Archive for the ‘Law Schools’ Category

More on the Legal Education at the Crossroads conference

Wednesday, September 23rd, 2009

The conference was weighted toward clinical and skills faculty in terms of the composition of the panels and the audience.  This is not meant as a criticism.  My take is that skills faculty have long been engaged in a richer and more meaningful assessment of students than have doctrinal faculty.  One way to characterize the increased emphasis on assessment in law school is that the clinicians (and the MacCrate and Carnegie reports) are ascendant.  So, it makes some sense that many presentations would give examples of assessment in a skills setting.  But if the mission is to change the practices of doctrinal faculty, more of them need to be at conferences like this and more of them need to be present to answer the Big Question, which is taken up in my next post.

Jeff Rensberger

Notes on the Legal Education at the Crossroads, v. 3.0 Conference

Wednesday, September 23rd, 2009

Last week, I attended the Legal Education at the Crossroads conference at Denver University.  A useful conference, with a lot of demonstrations.

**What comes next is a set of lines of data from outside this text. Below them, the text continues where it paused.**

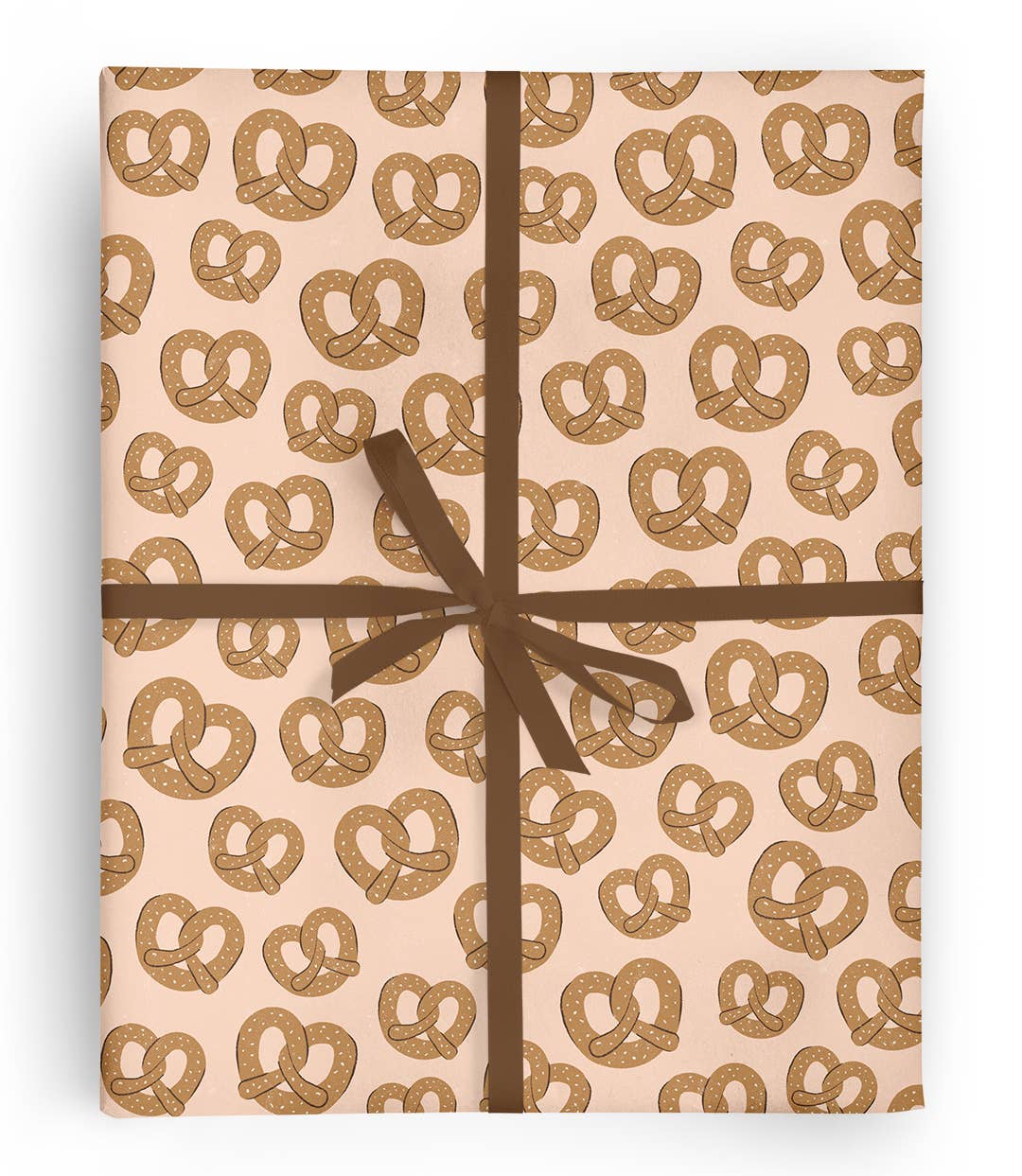 Sheet of gift wrap with salted soft pretzels on it 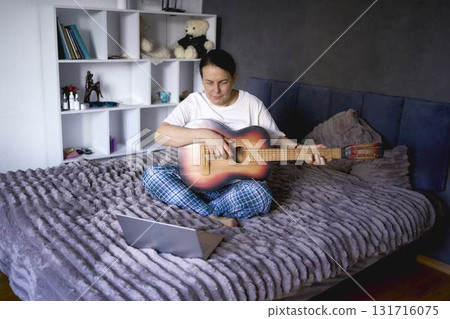 a senior woman learns to play the guitar with online lessons a senior woman learns to play the guitar with online lessons 131716075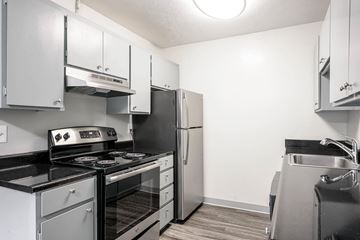 San Mateo apartment for rent - A kitchen with a stove, oven, and refrigerator.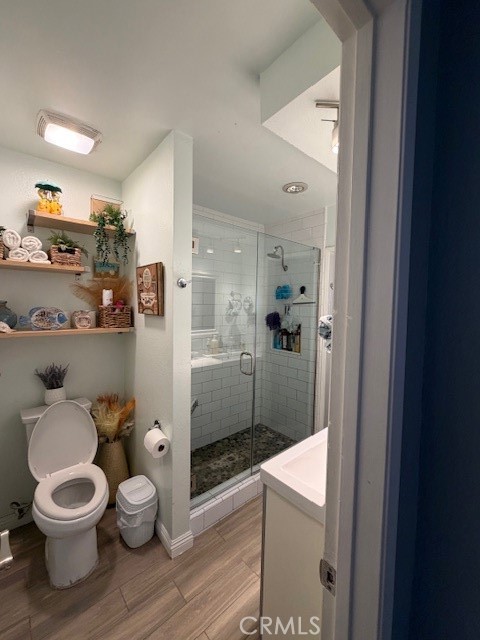 708 West Lambert Road, Unit 6 La Habra, CA 90631 - Photo 8 of 13 a bathroom with a toilet and a shower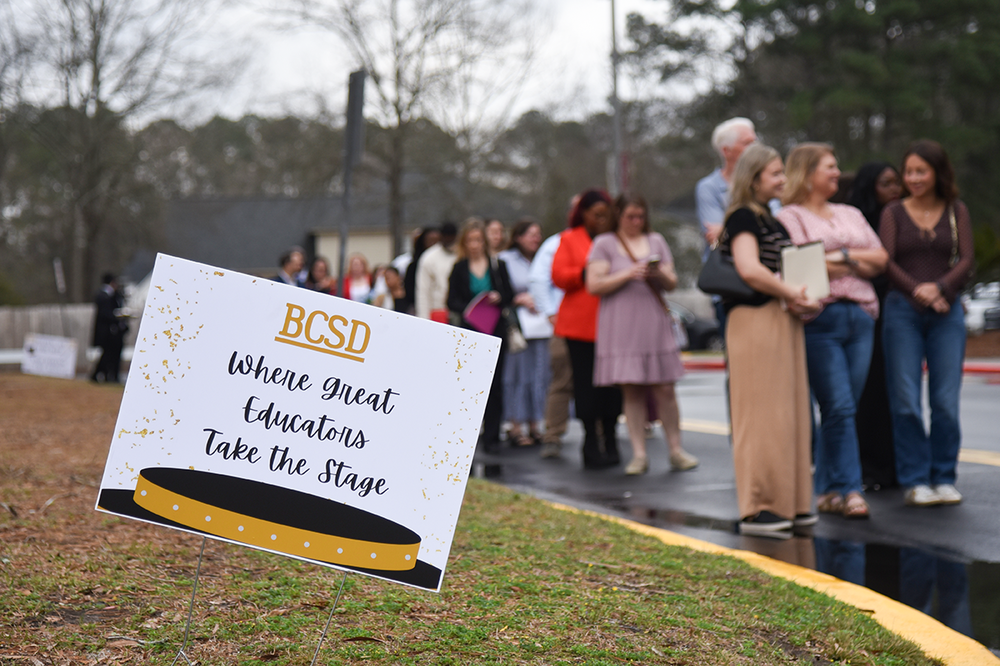 sign out front with line of people in the background
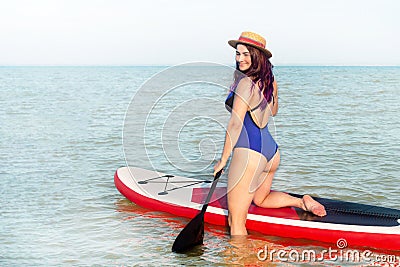 Sup boarding. A woman in a hat and blue swinsuit poses standing with a sup board. Stock Photo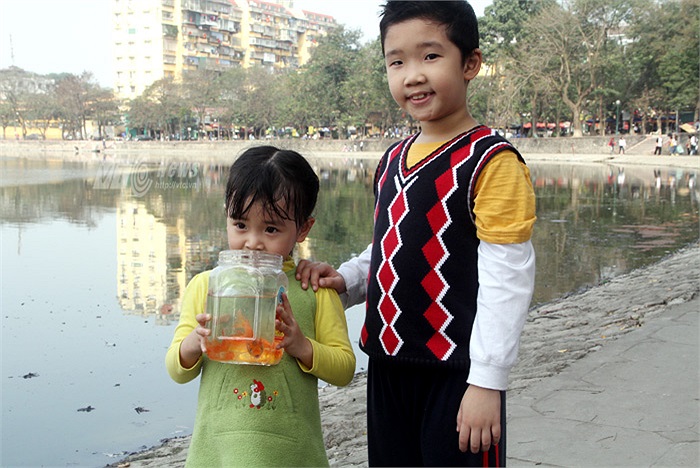 Hai em nhỏ cười tươi rạng rỡ khi được nghe các anh chị sinh viên tình nguyện giải thích về tục lệ thả cá Chép gắn với thông điệp bảo vệ môi trường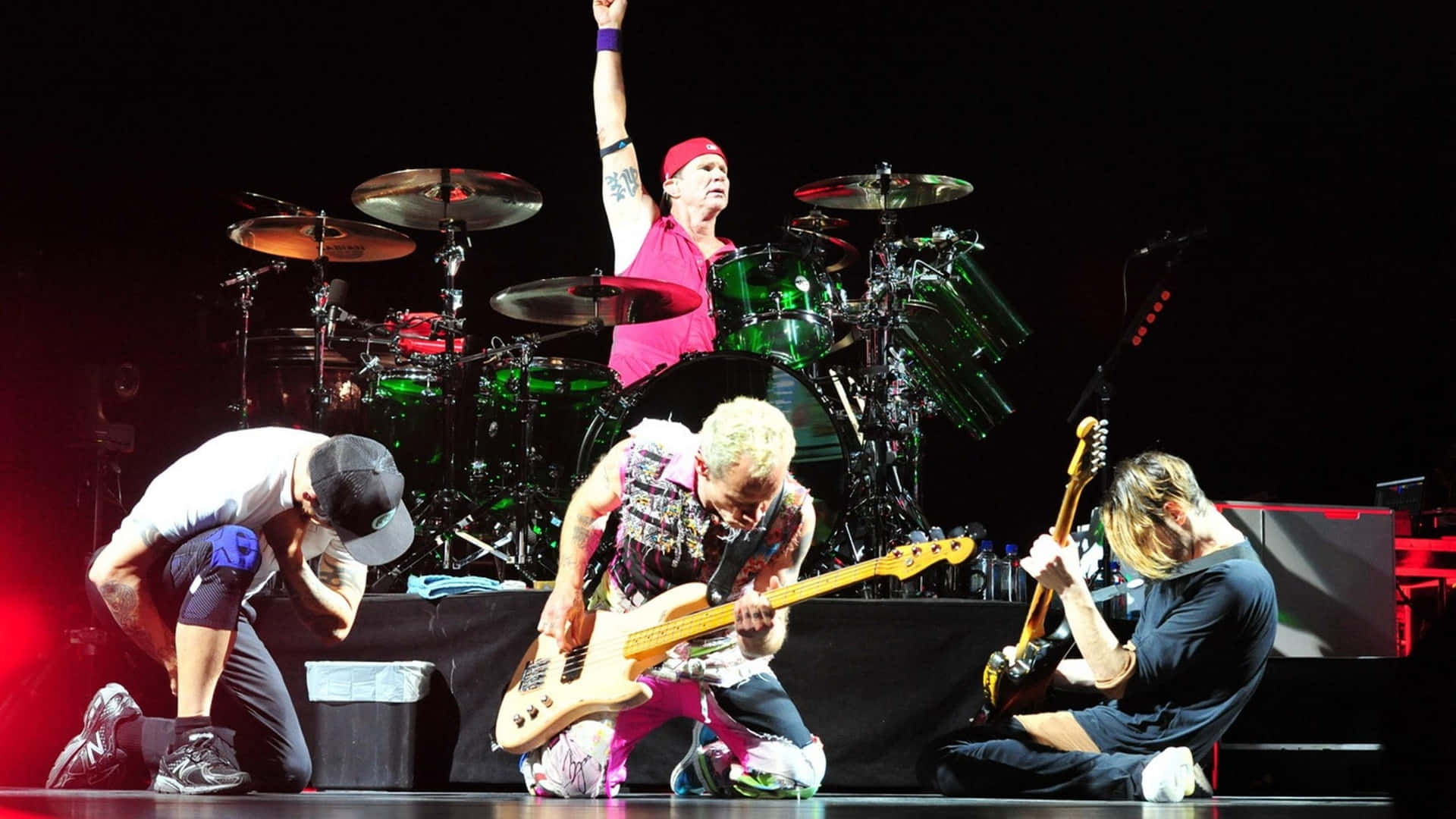 Red Hot Chili Peppers Kneeling On Stage Wallpaper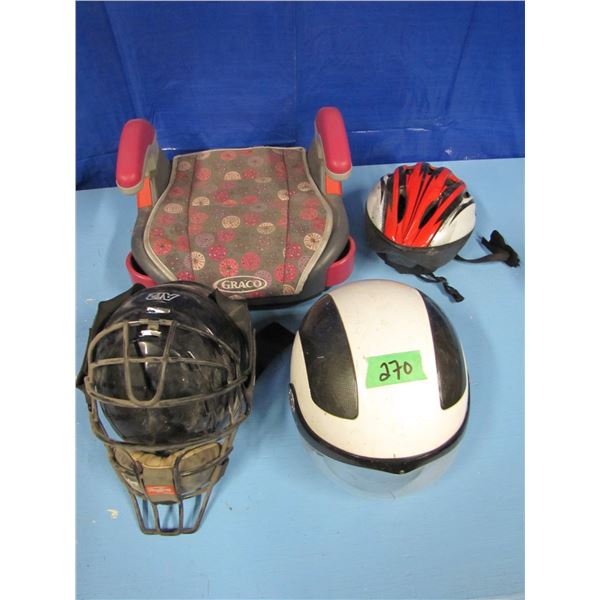 child's booster seat and various helmets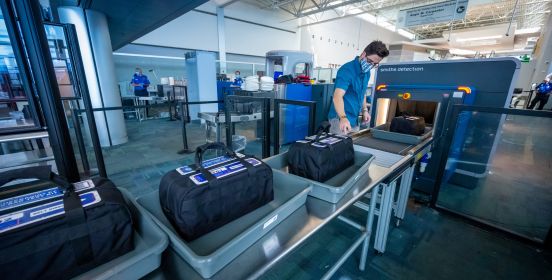 bags wait on conveyor belt for scanner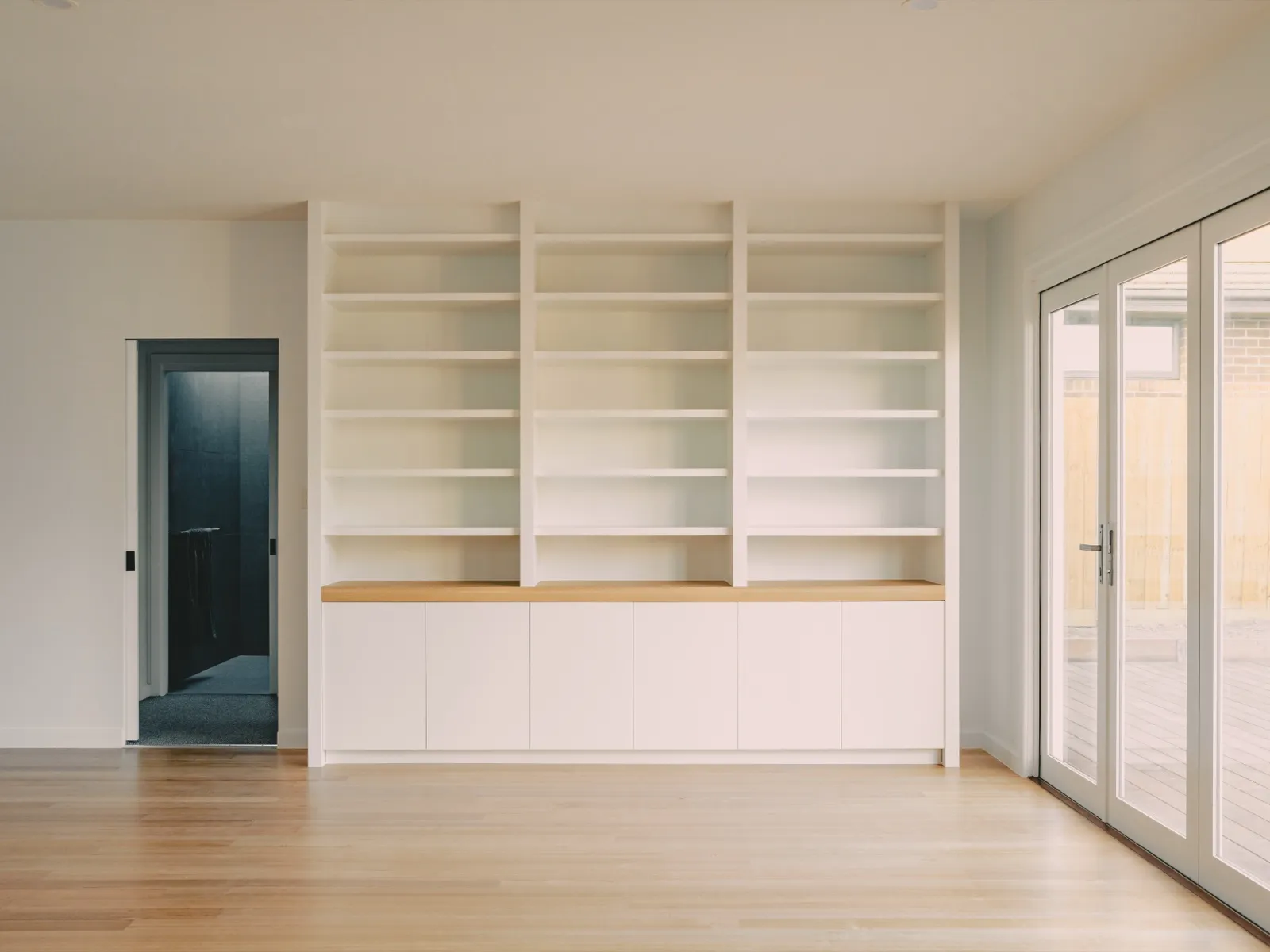 Living room with white built-in bookshelves over base cabinets with a timber benchtop, French doors, and a dark internal door.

There was much more coverage of student assessment than institutional assessment.  That is, most of the sessions focused on ways to assess student performance other than through the standard one-shot end of semester final exam.  The classic law school model is an example of summative assessment with no formative assessment.  The conference provided a useful counterweight to that model by discussing options for formative assessment (i.e., assessment that occurs while the learning process is going on).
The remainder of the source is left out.